Jagdeo questions Norton’s readiness for LGEs
Vice-President, Dr. Bharrat Jagdeo
Vice-President, Dr. Bharrat Jagdeo

— says PPP/C supports use of biometrics but not as voting requirement

Vice-President Dr. Bharrat Jagdeo has affirmed that the government is ready to name a date for Local Government Elections (LGEs) once given the requisite notification from the Guyana Elections Commission (GECOM) that the elections body is ready to move ahead with the holding of the elections.

With GECOM Chairman, Justice (Ret’d) Claudette Singh noting earlier this week that it is highly likely that LGEs will be held by the end of 2022, Dr. Jagdeo, who is also the General-Secretary of the People’s Progressive Party/Civic (PPP/C), said that his party is already in election mode.

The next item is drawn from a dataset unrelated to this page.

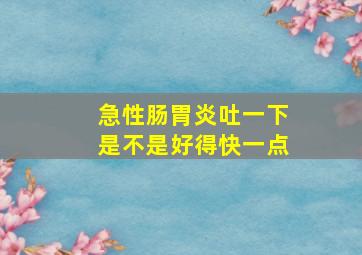 急性肠胃炎吐一下是不是好得快一点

Addressing the matter during a press conference at the Arthur Chung Conference Centre (ACCC) on Friday, Dr. Jagdeo said: “We are ready whether elections are held this year or next year, we would be ready at any time. GECOM would have to write indicating when they are ready. But I speak for the PPP as the General-Secretary, and I’ve already convened a meeting. We’ve started working on our organisational structures around the country. We’ve put our party on a readiness mode.”

A date for the LGEs is officially announced by the Minister of Local Government and Regional Development following official correspondence from GECOM on when it would be ready to carry out the elections.
The Vice-President refuted claims by the Leader of the Opposition (LoO) and Leader of the People’s National Congress/Reform (PNCR), Aubrey Norton, that the government will not hold the elections.
“He [Norton] says PPP doesn’t want Local Government Elections, but we have already gone on an election footing,” Dr. Jagdeo said.

Dr. Jagdeo instead challenged the Opposition’s readiness for elections given ultimatums declared by Norton that his party is demanding before they participate in elections. Chief among Norton’s demand is the continuous call for changes to the voters’ list, in contravention to a ruling by the High Court that outlines how changes can be made to the voters’ list.

Dr. Jagdeo during the press conference reiterated his party’s position that what Norton is calling for infringes on the laws, and therefore could not be supported.
“The question of the new [voters] list has been addressed several times…  it would be unconstitutional to remove people’s names from the voters list given the ruling of the Chief Justice and the Constitution itself. So, in the PPP/C we are not going to support any process that is unconstitutional. We are not going to be complicit with the PNC in this issue,” Dr. Jagdeo affirmed.

In 2019, the High Court ruled that “the removal of the names of persons on the list of registrants, and who were not, or have not been, or are not registered in the current house-to-house registration exercise would be unconstitutional.”

Hence, GECOM is barred from removing the names of anyone from the NRR, from which the Official List of Electors (OLE) is made, except in the case of death. Norton has continually pressed for changes to the voters list, particularly the removal of names, but cannot answer for how exactly his party expects this to happen.

Norton claimed that the country’s voters list is too high when compared to the population size.
“He said that Guyana has the highest ratio of voters to population on the voters list in the world. Many Caribbean countries have a higher ratio of people on the voters list to total population. He thinks he can bully his way into having us do something unconstitutional.”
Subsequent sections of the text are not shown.